Cele porozumienia to między innymi:
– opracowanie rozwiązań wspierających inteligentne ładowanie elektrycznych samochodów,
– promowanie koncepcji smartwysp na terytoriach nie połączonych z lądową Francją,
– współpraca w zakresie promowania użycia elektrycznych aut Renault
– wykorzystanie optymalizacji cen energii do obniżenia kosztu użycia aut elektrycznych,
– opracowanie sposobów umożliwiającej poszerzenie dostępności szybkich ładowarek poza miastami,
– pilotażowe projekty wprowadzające elektromobilność na wybranych obszarach.
Renault od kilku lat konsekwentnie wprowadza modele elektryczne do swojej oferty. Najnowsza odsłona modelu Zoe posiada akumulatory pozwalające na przejechanie 300 kilometrów w realnych warunkach drogowych w mieście. Testowaliśmy niedawno taki samochód elektryczny w Warszawie.
Jazda samochodem elektrycznym może być znacznie przyjemniejsza od tej znanej z klasycznej motoryzacji.

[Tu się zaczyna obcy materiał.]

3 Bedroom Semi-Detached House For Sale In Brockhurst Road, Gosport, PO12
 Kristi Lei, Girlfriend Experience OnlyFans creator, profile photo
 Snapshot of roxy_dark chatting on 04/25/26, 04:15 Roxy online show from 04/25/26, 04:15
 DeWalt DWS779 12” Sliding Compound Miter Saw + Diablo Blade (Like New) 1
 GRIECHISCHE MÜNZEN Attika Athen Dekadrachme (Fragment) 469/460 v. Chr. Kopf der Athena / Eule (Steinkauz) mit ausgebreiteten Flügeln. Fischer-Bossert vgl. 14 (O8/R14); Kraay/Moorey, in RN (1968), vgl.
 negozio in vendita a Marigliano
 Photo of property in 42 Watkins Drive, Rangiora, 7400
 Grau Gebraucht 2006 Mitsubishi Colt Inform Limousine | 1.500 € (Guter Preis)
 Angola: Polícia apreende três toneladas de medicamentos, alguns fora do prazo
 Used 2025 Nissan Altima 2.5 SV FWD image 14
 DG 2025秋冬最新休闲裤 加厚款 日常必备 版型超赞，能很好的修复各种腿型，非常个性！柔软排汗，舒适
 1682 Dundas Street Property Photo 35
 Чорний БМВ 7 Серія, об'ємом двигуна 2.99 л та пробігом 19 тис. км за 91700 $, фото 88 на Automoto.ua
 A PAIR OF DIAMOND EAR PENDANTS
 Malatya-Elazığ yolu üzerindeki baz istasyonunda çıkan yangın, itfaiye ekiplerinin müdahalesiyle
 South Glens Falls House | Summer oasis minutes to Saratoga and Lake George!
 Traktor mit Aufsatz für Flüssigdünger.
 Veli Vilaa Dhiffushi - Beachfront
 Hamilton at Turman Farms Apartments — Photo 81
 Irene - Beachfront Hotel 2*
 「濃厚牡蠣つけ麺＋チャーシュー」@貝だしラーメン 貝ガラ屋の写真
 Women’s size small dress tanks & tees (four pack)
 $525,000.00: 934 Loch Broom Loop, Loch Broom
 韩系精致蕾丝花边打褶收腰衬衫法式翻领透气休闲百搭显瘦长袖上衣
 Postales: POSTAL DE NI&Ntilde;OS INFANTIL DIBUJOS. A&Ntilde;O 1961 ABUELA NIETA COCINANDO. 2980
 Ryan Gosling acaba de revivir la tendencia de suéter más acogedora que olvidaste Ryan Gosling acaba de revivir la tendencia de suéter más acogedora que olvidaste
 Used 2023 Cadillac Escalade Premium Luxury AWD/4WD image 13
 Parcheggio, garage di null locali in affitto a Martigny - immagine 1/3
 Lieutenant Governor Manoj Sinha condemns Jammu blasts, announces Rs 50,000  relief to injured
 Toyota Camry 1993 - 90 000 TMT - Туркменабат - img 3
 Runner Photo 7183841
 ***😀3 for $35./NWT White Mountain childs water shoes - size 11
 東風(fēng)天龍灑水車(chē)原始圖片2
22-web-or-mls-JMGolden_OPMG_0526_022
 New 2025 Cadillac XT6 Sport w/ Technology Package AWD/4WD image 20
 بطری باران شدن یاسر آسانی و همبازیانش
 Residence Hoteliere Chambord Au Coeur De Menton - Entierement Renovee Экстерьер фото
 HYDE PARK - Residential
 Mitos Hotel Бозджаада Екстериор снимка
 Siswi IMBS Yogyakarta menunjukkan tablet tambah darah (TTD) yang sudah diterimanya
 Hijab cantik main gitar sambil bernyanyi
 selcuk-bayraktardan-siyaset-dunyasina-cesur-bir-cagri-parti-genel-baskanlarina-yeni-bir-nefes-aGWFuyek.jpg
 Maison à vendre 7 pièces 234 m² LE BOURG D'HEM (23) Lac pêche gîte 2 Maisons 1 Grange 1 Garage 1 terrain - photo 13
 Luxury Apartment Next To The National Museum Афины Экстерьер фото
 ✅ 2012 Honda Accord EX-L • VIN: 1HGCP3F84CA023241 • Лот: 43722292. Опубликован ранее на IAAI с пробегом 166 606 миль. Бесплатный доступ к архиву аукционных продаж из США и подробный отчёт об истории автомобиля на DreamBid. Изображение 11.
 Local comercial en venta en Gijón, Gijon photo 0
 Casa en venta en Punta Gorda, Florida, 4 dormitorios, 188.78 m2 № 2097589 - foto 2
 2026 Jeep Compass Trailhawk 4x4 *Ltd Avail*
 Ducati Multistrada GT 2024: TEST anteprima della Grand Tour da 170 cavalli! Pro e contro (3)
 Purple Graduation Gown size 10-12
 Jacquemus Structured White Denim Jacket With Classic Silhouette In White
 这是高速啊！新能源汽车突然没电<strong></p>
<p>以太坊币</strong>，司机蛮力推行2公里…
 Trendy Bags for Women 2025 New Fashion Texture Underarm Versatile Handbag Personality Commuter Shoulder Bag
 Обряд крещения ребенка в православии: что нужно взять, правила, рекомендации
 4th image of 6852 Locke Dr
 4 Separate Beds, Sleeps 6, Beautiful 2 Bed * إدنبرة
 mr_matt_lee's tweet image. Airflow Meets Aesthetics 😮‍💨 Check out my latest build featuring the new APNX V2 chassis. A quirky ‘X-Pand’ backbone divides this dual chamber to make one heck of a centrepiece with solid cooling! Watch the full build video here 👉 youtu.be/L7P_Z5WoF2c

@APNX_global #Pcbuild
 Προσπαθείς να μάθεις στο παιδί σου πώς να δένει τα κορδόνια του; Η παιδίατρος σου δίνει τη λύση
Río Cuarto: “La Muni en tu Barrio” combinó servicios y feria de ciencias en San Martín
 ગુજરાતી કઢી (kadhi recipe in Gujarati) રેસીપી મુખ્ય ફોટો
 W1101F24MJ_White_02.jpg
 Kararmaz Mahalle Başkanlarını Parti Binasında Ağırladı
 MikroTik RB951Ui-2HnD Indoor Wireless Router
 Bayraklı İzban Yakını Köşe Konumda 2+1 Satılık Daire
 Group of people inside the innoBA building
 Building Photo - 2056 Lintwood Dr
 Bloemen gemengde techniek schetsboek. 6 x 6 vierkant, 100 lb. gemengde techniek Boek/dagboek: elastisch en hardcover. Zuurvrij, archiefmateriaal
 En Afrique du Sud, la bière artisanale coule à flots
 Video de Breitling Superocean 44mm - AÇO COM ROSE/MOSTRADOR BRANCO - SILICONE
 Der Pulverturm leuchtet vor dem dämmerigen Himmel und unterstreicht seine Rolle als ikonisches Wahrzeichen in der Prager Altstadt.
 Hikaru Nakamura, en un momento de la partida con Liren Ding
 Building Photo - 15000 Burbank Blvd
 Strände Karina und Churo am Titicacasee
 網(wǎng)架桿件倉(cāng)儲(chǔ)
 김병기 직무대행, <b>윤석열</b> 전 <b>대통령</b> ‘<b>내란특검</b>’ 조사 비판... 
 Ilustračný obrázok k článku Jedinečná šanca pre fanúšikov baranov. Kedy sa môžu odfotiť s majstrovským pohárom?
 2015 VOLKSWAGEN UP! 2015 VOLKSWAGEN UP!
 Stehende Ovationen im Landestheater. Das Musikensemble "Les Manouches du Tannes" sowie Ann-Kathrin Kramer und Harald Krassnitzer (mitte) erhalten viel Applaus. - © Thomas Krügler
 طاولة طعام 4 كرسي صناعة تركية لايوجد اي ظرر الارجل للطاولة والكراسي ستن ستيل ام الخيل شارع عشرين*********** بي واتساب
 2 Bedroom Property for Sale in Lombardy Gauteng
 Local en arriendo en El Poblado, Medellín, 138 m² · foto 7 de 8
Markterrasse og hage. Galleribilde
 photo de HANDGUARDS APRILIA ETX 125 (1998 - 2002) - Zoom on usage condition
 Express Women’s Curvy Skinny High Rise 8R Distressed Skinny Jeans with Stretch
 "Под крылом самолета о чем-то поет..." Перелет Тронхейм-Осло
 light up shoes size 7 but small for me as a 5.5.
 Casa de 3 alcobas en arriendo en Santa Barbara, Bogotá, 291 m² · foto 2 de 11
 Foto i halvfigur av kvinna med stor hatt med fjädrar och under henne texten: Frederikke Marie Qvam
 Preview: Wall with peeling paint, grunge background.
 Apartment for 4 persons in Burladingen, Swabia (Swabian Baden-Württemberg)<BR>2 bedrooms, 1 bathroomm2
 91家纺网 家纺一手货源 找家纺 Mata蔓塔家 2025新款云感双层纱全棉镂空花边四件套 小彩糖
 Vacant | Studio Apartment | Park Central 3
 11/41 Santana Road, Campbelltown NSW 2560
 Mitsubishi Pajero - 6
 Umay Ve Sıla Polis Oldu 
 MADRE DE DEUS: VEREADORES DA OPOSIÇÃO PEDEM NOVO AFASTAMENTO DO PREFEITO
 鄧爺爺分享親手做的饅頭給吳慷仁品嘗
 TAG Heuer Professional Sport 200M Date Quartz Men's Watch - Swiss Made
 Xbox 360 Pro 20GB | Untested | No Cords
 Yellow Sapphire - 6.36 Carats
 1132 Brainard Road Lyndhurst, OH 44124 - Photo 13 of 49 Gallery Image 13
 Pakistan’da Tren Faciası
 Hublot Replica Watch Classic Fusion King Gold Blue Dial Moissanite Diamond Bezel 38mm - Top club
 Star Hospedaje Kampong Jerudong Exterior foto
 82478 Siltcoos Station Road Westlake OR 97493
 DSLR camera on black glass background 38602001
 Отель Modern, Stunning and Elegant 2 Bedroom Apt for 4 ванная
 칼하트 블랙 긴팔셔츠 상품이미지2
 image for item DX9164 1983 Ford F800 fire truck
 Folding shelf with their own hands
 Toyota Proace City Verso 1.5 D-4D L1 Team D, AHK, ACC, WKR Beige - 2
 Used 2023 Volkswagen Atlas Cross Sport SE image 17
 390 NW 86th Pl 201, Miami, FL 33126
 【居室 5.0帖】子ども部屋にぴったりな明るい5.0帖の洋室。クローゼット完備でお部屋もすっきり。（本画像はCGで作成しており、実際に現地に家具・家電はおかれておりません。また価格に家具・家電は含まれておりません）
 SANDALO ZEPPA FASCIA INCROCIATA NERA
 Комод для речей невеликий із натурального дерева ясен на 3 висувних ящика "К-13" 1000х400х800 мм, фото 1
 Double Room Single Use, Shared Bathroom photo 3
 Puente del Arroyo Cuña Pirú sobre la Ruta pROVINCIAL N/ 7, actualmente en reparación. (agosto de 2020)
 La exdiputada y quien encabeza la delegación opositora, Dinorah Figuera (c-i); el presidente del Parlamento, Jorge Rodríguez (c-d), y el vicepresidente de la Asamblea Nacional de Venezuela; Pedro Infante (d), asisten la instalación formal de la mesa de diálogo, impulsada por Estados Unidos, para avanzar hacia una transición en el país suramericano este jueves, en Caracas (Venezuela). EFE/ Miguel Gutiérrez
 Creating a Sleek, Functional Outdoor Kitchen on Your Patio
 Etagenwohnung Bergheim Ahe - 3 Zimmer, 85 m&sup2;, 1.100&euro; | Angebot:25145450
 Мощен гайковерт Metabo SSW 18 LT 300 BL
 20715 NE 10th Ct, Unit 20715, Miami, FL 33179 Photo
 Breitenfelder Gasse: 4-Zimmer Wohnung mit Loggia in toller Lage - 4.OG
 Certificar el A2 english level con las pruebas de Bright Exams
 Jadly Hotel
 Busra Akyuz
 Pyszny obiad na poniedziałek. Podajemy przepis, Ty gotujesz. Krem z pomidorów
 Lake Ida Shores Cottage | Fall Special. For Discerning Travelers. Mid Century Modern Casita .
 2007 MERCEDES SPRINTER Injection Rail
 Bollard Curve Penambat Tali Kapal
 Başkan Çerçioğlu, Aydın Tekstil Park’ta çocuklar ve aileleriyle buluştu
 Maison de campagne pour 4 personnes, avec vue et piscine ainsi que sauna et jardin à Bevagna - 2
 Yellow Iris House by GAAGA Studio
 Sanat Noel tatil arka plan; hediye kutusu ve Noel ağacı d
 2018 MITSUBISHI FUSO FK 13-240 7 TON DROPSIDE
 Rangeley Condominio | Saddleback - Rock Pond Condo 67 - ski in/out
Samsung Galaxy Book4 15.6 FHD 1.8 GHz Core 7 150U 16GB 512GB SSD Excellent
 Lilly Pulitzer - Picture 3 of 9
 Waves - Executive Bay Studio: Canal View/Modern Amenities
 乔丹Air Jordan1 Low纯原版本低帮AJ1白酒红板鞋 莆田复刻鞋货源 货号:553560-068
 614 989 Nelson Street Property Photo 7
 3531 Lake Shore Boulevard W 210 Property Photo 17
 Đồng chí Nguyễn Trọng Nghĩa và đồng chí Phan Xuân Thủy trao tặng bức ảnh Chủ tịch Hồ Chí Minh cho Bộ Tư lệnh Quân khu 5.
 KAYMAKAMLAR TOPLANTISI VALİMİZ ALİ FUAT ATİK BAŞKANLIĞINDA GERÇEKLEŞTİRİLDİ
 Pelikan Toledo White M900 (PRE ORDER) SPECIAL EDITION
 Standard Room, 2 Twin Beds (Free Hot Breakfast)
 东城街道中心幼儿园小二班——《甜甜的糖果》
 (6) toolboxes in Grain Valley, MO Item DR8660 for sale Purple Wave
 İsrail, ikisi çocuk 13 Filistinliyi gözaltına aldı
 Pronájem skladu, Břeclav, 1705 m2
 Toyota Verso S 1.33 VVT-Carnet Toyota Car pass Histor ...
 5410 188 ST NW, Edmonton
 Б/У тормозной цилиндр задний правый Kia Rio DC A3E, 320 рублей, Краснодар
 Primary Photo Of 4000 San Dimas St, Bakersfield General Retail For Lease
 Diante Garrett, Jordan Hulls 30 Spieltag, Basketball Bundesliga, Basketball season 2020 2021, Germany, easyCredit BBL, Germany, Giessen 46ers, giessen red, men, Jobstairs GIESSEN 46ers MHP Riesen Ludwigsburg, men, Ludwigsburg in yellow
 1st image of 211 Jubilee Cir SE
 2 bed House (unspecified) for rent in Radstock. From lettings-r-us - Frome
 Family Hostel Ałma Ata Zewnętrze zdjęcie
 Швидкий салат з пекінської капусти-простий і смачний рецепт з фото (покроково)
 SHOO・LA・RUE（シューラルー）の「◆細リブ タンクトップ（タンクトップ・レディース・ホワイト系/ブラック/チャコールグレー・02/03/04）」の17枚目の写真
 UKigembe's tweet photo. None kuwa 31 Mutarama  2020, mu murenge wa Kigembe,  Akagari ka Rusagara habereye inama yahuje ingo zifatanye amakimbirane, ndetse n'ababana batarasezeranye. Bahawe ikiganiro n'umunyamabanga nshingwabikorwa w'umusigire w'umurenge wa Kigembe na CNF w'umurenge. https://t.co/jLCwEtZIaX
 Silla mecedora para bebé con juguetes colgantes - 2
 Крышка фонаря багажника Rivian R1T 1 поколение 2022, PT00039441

Na pokładzie jest znacznie ciszej a przyspieszenie zapewniane przez elektryczny motor i brak typowej skrzyni biegów pozwala poruszać się bardziej dynamicznie. Wśród wad tego typu rozwiązania należy wymienić ciężar auta, spowodowany akumulatorami a przez to nieco gorszą pracę zawieszenia, chociaż w Zoe ten efekt i tak jest stosunkowo mało odczuwalny. Na problemy z twardawym zawieszeniem często narzekają za to posiadacze japońskich hybryd.
Jak widać Renault podchodzi do promowania elektromobilności bardzo poważnie, angażując się w szereg przedsięwzięć przybliżających te rozwiązania klientom. W Polsce pozostaje nam czekać na obiecany milion samochodów elektrycznych, chociaż wygląda na to, że ten plan szybko zrealizowany nie będzie. Szkoda więc, że takich inicjatyw nie ma więcej w Polsce a ostatnie doniesienia o wycofaniu się kilku firm z projektów polskiego samochodu na prąd nie wróżą tematowi elektromobilności świetlanej przyszłości.